Local pruning maestro, Gael Shannon, has been working on an orchard maintenance plan for Rea Lands Park over the past few years and today Patrick met Gael to go over the plan and ask her questions about how best to look after the many various fruiting trees including peaches, quince, almonds, figs, cherries, apricots, feijoa, plums, hazelnuts, citrus, berries and nectarines. Stay tuned for the maintenance plan drawing, which we'll publish here shortly.

Gael Shannon and Patrick Jones discuss fruit tree maintenance at Rea Lands Park today.

It is because of the generous contributions of local folk like Gael that our community food network can grow and prosper. We have much local knowledge in our area and many generous folk to pass this knowledge on. Tap into this knowledge, learn, give and get involved with one of the community gardens. If you want to be kept up to date with our regular working bees, workshops and other food related business, email us and ask to go on the mail out list, otherwise check in with our facebook page or keep an eye out for the chalk board at the Albert St garden (beside the library).

Thursday, 13 June 2013

Our work recognised further afield...

Melbourne's wonderful resource organisation, Cultivating Community, has written a comprehensive report on our growing community food network. This is how they begin:
Anyone who has been involved with community gardens or urban public growing spaces will know the patience and compromise necessary to get a new project started. Without wishing to widen the city-country divide we’ve always suspected that things are “different out there”. We decided to head out to rural Victoria to investigate some unusually forward community garden and food projects. 
First off we headed to Daylesford where we had heard murmurs that a group of rural Victorians – frustrated at sluggish responses to environmental and health crises – had been taking matters into their own hands to rapidly expand their network of communal growing spaces. As soon as we stepped off the bus we were greeted by Meg Ulman and Patrick Jones, who have been instrumental in establishing the thriving and diverse network of Daylesford Community Food Gardeners (DCFGs). As well as being lovely hosts, they were kind enough to answer some questions and fill us in on the history of the project.

Read on here.

Saturday, 8 June 2013

June Bee (community compost capers)

A frosty morning brought us out slowly today for our monthly working bee.

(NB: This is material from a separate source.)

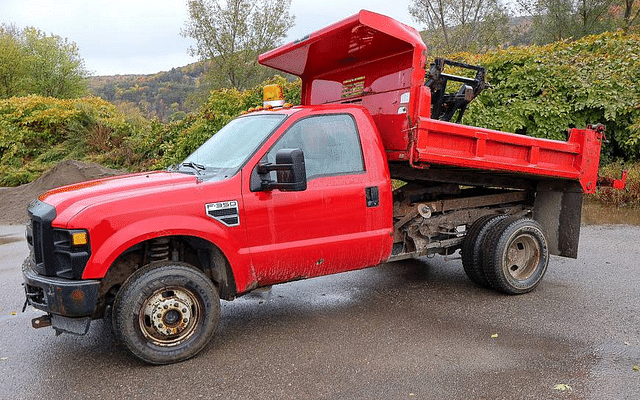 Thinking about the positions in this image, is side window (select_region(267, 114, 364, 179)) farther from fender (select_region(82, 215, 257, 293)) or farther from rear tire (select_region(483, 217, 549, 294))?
rear tire (select_region(483, 217, 549, 294))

But when the sun seeped into the Albert Street garden, so did our smiles.

We admired the winter's fruit and our own climate zone which allows for some form of fruit year round.

While we worked away in the garden Tom played up our spirits with the sun.

During the lead up to the working bee we collected pallets, leaves, straw and horse manure for our bonza winter compost workshop. We demonstrated how to build a four-bay compost area and how to set a compost for some serious heat decomposition.

We recycled, reclaimed and reloved everything, including ourselves. About thirty of us turned up to lend a hand, hand-cut the grass, prune and take out the dead organic matter to add to our composts.

It was all very Portlandia, which we relocalised as Daylesfordia.

But unlike Portlandia we actually had something to show for ourselves other than just jokes, although we had those too.

Soil fertility! There's nothing more important than compost in a post-fossil fuel future.